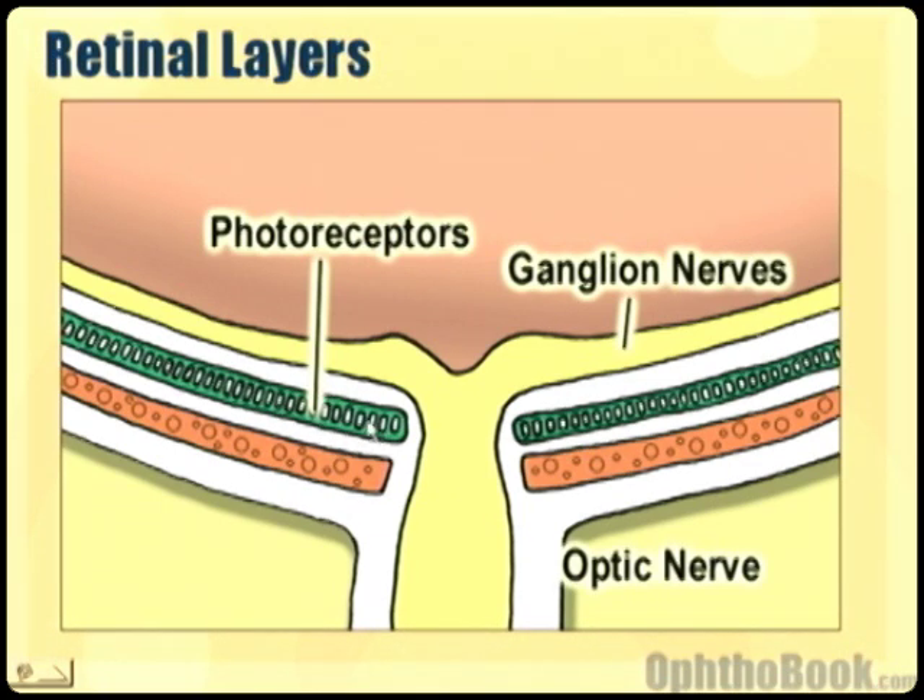The outer third of the retina — and by outer I mean closer to the choroid, while inner would be toward the vitreous — the outer third or so of the retina is supplied by the choroid blood supply. You can imagine that if someone has a retinal detachment, the photoreceptors can die quite quickly if they're not attached to this choroid, because the detachment happens between these layers.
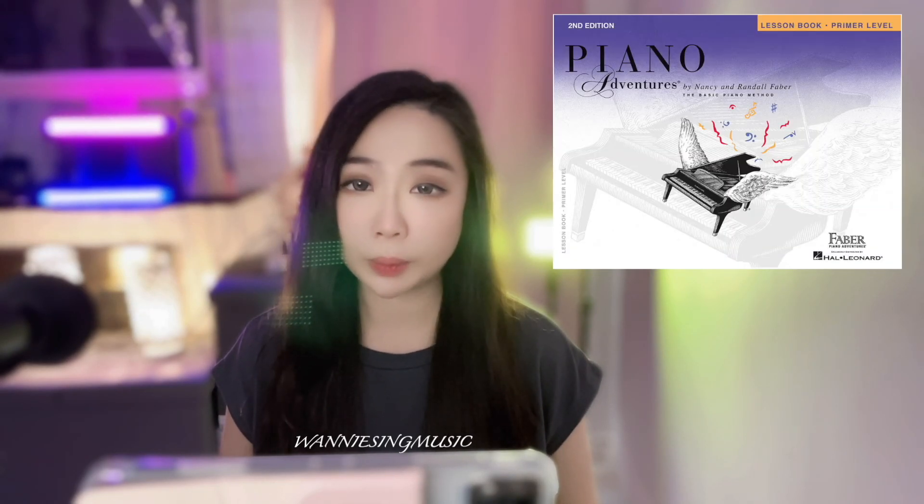In today's video, we are going to continue the piano lesson with Weber Piano Adventure Primer Level. If you missed the previous video, please check the description box below.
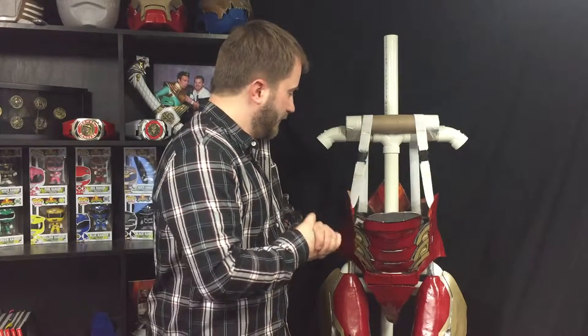Hello again, this is my 'How I Made My Iron Man Suit Wearable' video series. This is going to be part six and we're going to jump right in to the midsection and the thighs today.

— Your task —
Return the listing above unaltered, omitting its pictures.

— Output of the task —
The outer third of the retina — and by outer I mean closer to the choroid, while inner would be toward the vitreous — the outer third or so of the retina is supplied by the choroid blood supply. You can imagine that if someone has a retinal detachment, the photoreceptors can die quite quickly if they're not attached to this choroid, because the detachment happens between these layers.
In today's video, we are going to continue the piano lesson with Weber Piano Adventure Primer Level. If you missed the previous video, please check the description box below.
Hello again, this is my 'How I Made My Iron Man Suit Wearable' video series. This is going to be part six and we're going to jump right in to the midsection and the thighs today.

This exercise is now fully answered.